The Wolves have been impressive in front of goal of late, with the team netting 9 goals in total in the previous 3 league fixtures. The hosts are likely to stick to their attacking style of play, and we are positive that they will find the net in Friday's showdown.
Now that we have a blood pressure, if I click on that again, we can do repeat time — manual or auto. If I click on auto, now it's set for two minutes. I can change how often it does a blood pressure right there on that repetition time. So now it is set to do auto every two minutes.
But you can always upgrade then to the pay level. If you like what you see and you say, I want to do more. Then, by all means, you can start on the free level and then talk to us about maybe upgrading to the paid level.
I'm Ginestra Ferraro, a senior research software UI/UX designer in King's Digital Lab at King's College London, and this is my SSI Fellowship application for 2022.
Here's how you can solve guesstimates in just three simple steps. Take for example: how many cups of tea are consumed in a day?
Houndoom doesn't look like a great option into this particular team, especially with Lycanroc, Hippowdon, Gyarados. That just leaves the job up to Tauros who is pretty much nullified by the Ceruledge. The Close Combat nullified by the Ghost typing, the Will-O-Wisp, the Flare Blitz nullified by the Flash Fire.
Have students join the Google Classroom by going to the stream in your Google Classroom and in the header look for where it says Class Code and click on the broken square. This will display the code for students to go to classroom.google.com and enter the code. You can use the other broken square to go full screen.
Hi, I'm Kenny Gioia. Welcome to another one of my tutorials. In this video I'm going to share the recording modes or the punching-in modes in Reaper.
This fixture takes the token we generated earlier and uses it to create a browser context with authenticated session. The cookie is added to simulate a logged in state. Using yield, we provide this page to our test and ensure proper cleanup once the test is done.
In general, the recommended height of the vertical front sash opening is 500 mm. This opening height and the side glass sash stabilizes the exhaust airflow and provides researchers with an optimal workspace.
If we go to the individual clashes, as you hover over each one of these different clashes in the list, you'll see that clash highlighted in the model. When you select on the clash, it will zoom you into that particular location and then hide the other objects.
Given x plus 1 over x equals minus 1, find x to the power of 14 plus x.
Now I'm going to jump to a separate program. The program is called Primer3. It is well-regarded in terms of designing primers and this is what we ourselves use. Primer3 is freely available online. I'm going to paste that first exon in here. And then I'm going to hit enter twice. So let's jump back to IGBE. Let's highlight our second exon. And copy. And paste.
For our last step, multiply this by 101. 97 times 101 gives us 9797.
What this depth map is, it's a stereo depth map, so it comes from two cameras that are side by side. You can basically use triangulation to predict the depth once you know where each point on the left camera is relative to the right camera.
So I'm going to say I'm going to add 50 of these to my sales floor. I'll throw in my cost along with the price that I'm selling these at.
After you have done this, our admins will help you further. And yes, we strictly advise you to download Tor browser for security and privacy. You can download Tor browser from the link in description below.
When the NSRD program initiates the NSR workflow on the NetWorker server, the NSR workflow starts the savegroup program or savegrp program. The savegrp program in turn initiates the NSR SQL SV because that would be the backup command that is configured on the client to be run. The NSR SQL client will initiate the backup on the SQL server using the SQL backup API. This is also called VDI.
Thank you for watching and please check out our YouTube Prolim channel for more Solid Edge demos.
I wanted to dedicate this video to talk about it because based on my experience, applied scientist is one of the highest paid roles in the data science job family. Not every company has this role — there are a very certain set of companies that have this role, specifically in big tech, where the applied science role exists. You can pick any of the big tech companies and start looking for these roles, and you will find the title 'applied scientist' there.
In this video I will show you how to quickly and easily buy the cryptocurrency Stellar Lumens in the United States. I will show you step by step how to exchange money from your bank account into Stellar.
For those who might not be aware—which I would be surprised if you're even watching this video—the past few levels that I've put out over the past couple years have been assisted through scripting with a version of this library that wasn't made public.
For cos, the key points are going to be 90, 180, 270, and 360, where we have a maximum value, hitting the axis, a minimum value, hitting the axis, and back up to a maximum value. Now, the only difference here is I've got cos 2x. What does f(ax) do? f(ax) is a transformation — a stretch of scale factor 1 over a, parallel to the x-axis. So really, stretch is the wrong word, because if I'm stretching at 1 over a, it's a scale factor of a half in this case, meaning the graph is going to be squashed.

____

**REQUIRED WORK:** Print the data in full, with each line exactly as given.

**SOLUTION TO THIS TASK:**
The Wolves have been impressive in front of goal of late, with the team netting 9 goals in total in the previous 3 league fixtures. The hosts are likely to stick to their attacking style of play, and we are positive that they will find the net in Friday's showdown.
Now that we have a blood pressure, if I click on that again, we can do repeat time — manual or auto. If I click on auto, now it's set for two minutes. I can change how often it does a blood pressure right there on that repetition time. So now it is set to do auto every two minutes.
But you can always upgrade then to the pay level. If you like what you see and you say, I want to do more. Then, by all means, you can start on the free level and then talk to us about maybe upgrading to the paid level.
I'm Ginestra Ferraro, a senior research software UI/UX designer in King's Digital Lab at King's College London, and this is my SSI Fellowship application for 2022.
Here's how you can solve guesstimates in just three simple steps. Take for example: how many cups of tea are consumed in a day?
Houndoom doesn't look like a great option into this particular team, especially with Lycanroc, Hippowdon, Gyarados. That just leaves the job up to Tauros who is pretty much nullified by the Ceruledge. The Close Combat nullified by the Ghost typing, the Will-O-Wisp, the Flare Blitz nullified by the Flash Fire.
Have students join the Google Classroom by going to the stream in your Google Classroom and in the header look for where it says Class Code and click on the broken square. This will display the code for students to go to classroom.google.com and enter the code. You can use the other broken square to go full screen.
Hi, I'm Kenny Gioia. Welcome to another one of my tutorials. In this video I'm going to share the recording modes or the punching-in modes in Reaper.
This fixture takes the token we generated earlier and uses it to create a browser context with authenticated session. The cookie is added to simulate a logged in state. Using yield, we provide this page to our test and ensure proper cleanup once the test is done.
In general, the recommended height of the vertical front sash opening is 500 mm. This opening height and the side glass sash stabilizes the exhaust airflow and provides researchers with an optimal workspace.
If we go to the individual clashes, as you hover over each one of these different clashes in the list, you'll see that clash highlighted in the model. When you select on the clash, it will zoom you into that particular location and then hide the other objects.
Given x plus 1 over x equals minus 1, find x to the power of 14 plus x.
Now I'm going to jump to a separate program. The program is called Primer3. It is well-regarded in terms of designing primers and this is what we ourselves use. Primer3 is freely available online. I'm going to paste that first exon in here. And then I'm going to hit enter twice. So let's jump back to IGBE. Let's highlight our second exon. And copy. And paste.
For our last step, multiply this by 101. 97 times 101 gives us 9797.
What this depth map is, it's a stereo depth map, so it comes from two cameras that are side by side. You can basically use triangulation to predict the depth once you know where each point on the left camera is relative to the right camera.
So I'm going to say I'm going to add 50 of these to my sales floor. I'll throw in my cost along with the price that I'm selling these at.
After you have done this, our admins will help you further. And yes, we strictly advise you to download Tor browser for security and privacy. You can download Tor browser from the link in description below.
When the NSRD program initiates the NSR workflow on the NetWorker server, the NSR workflow starts the savegroup program or savegrp program. The savegrp program in turn initiates the NSR SQL SV because that would be the backup command that is configured on the client to be run. The NSR SQL client will initiate the backup on the SQL server using the SQL backup API. This is also called VDI.
Thank you for watching and please check out our YouTube Prolim channel for more Solid Edge demos.
I wanted to dedicate this video to talk about it because based on my experience, applied scientist is one of the highest paid roles in the data science job family. Not every company has this role — there are a very certain set of companies that have this role, specifically in big tech, where the applied science role exists. You can pick any of the big tech companies and start looking for these roles, and you will find the title 'applied scientist' there.
In this video I will show you how to quickly and easily buy the cryptocurrency Stellar Lumens in the United States. I will show you step by step how to exchange money from your bank account into Stellar.
For those who might not be aware—which I would be surprised if you're even watching this video—the past few levels that I've put out over the past couple years have been assisted through scripting with a version of this library that wasn't made public.
For cos, the key points are going to be 90, 180, 270, and 360, where we have a maximum value, hitting the axis, a minimum value, hitting the axis, and back up to a maximum value. Now, the only difference here is I've got cos 2x. What does f(ax) do? f(ax) is a transformation — a stretch of scale factor 1 over a, parallel to the x-axis. So really, stretch is the wrong word, because if I'm stretching at 1 over a, it's a scale factor of a half in this case, meaning the graph is going to be squashed.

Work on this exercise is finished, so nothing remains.